Gleason v. Spray
Before: Gibson
Synopsis
Appeal from a judgment of the Superior Court of Modoc County, and from an order denying a new trial.
The facts are stated in the opinion.
Gibson, C. Ejectment to recover certain lots in the town of Alturas, Modoc County. Trial before the court without a jury; judgment for defendants, from which and an order denying a new trial plaintiffs appeal.
The court found and adjudged that the principal instrument, in the form of a deed absolute, relied upon herein for a recovery was intended and accepted as a mortgage; and that the same, having been executed by the husband alone while the property in controversy was a homestead, was void and of no effect.

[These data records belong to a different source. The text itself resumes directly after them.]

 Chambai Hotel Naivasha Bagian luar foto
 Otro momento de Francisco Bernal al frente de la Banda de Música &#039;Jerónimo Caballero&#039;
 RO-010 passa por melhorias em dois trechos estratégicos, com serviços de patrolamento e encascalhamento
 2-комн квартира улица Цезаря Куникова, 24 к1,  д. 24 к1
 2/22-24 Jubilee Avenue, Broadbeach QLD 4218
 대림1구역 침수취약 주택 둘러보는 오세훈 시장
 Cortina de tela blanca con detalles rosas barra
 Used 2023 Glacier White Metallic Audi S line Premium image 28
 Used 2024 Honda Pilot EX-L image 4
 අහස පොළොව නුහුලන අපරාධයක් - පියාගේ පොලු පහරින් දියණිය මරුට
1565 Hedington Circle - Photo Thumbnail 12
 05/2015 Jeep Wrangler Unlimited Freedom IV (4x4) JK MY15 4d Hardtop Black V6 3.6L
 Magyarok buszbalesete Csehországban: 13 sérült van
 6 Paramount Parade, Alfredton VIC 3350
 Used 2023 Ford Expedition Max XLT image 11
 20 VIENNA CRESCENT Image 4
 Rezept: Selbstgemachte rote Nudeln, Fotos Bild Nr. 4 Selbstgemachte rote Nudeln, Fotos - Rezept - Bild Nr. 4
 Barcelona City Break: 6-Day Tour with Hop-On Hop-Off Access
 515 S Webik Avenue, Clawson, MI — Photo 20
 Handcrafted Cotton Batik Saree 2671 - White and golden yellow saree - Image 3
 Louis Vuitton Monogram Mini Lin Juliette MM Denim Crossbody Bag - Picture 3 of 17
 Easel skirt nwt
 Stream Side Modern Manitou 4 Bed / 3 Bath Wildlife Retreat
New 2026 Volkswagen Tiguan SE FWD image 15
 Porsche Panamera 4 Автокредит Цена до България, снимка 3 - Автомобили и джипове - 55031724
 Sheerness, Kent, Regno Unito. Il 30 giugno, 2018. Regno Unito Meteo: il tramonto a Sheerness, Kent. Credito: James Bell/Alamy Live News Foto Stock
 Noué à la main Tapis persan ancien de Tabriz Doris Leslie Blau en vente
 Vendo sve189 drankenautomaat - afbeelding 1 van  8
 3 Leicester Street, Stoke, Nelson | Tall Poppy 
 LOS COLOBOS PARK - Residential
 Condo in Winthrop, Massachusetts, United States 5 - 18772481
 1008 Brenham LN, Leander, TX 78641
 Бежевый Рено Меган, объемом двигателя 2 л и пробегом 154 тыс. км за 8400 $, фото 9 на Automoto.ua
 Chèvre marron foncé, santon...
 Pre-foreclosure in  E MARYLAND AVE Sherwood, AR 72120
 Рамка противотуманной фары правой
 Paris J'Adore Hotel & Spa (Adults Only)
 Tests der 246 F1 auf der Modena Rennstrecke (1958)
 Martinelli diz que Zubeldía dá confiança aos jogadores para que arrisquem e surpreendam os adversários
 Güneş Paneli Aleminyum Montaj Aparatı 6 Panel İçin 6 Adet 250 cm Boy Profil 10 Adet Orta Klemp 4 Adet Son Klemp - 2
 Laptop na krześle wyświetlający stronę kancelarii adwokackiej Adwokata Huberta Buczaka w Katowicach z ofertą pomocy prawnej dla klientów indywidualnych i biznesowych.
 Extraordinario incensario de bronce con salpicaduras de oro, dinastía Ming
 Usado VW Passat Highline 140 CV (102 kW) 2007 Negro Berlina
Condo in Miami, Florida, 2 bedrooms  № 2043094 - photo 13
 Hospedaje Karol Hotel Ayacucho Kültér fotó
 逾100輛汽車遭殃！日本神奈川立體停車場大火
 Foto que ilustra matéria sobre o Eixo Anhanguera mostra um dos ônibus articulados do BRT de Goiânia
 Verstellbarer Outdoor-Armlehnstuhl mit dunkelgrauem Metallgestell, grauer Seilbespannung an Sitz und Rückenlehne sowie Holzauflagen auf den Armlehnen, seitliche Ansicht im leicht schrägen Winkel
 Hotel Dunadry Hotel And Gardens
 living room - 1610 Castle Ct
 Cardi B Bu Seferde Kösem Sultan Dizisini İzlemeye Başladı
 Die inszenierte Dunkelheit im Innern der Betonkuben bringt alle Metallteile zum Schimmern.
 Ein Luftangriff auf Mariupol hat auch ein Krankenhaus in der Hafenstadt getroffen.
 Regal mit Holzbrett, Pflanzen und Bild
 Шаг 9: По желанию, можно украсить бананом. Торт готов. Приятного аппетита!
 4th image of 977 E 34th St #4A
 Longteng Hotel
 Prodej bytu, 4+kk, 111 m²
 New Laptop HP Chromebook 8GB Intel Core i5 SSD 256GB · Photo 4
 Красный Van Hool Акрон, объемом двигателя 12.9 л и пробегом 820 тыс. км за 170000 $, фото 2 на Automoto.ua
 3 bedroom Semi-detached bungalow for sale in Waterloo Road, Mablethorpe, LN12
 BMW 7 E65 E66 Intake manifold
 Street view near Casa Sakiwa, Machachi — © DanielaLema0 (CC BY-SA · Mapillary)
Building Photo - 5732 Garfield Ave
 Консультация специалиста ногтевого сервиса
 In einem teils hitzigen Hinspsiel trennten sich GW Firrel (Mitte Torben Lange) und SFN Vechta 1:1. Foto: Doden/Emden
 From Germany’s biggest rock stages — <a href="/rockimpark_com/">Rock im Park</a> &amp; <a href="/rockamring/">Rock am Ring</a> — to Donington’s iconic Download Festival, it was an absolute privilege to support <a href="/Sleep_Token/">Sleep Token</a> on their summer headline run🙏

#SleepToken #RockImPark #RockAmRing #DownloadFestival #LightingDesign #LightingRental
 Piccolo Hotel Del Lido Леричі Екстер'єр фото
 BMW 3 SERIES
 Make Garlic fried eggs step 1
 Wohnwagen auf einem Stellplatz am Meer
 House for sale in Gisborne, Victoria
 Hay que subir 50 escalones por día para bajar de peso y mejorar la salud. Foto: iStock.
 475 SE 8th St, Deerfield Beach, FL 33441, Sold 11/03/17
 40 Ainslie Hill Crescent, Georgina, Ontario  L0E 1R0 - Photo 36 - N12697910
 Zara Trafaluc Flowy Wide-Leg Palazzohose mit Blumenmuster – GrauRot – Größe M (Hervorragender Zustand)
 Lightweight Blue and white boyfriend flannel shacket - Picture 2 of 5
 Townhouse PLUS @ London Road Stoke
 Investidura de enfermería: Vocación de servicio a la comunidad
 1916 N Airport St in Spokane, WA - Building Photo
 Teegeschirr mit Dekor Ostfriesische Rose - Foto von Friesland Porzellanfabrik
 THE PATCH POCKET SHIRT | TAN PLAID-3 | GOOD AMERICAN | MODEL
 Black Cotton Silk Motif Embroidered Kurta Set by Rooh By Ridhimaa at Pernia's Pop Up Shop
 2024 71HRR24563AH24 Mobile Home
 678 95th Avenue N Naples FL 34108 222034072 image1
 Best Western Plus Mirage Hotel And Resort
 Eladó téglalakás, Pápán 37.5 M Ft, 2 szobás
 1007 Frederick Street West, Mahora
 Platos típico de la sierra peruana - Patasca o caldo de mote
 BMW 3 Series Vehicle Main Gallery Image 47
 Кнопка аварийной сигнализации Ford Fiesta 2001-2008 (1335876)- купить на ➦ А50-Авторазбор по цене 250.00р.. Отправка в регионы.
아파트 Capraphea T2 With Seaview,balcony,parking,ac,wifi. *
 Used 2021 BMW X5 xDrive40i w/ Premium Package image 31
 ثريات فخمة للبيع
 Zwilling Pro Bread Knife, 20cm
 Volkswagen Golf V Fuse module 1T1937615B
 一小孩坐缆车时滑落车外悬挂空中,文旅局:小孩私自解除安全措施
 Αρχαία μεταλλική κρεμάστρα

The defendant J. D. Spray, while the owner of and residing with his wife upon the property, on October 20, 1884, made, acknowledged, and caused to be recorded a declaration of homestead embracing the same property. And on April 7, 1885, while the homestead thus created was still subsisting, he, Spray, executed and delivered to George M. Gleason, one of the plaintiffs, a general warranty deed, absolute in form, embracing the homestead, with other real property. This deed the court found was intended as a mortgage. Thereafter, on May 25, 1885, the defendants, Spray and wife, by a joint declaration to that effect duly filed in the proper office, abandoned the homestead. On May, 26, 1886, George M. Gleason, by a deed of gift, conveyed to Julia, his wife, the same property described in Spray’s deed to him.
The first question arising on these facts is,as to whether the deed of Spray to Gleason was absolutely void or only inoperative against the homestead while it existed as such.
It does not clearly appear whether the property in question was the separate property of Spray, or the community property of himself and wife; but whatever its character may have been, it was, by the declaration of homestead, converted into the joint property of both. (Civ. Code, sec. 1265; Burkett v. Burkett, 78 Cal. 310.)
“ The homestead of a married person cannot be conveyed or encumbered, unless the instrument by which it [220]is conveyed or encumbered is executed and acknowledged by both the husband and wife.” (Civ. Code, sec. 1242.) In the homestead act of 1860, as amended in 1862 (Stats. 1862, sec. 2, p. 519), a similar provision is found; it reads as follows: “No alienation, sale, conveyance, mortgage, or other lien of or upon the homestead property shall be valid or effectual for any purpose whatever, unless the same be executed by the owner thereof, and be executed and acknowledged by the wife, if the owner be married, and the wife be a resident of this state, in the same manner as provided by law in case of the conveyance by her of her separate and real property.”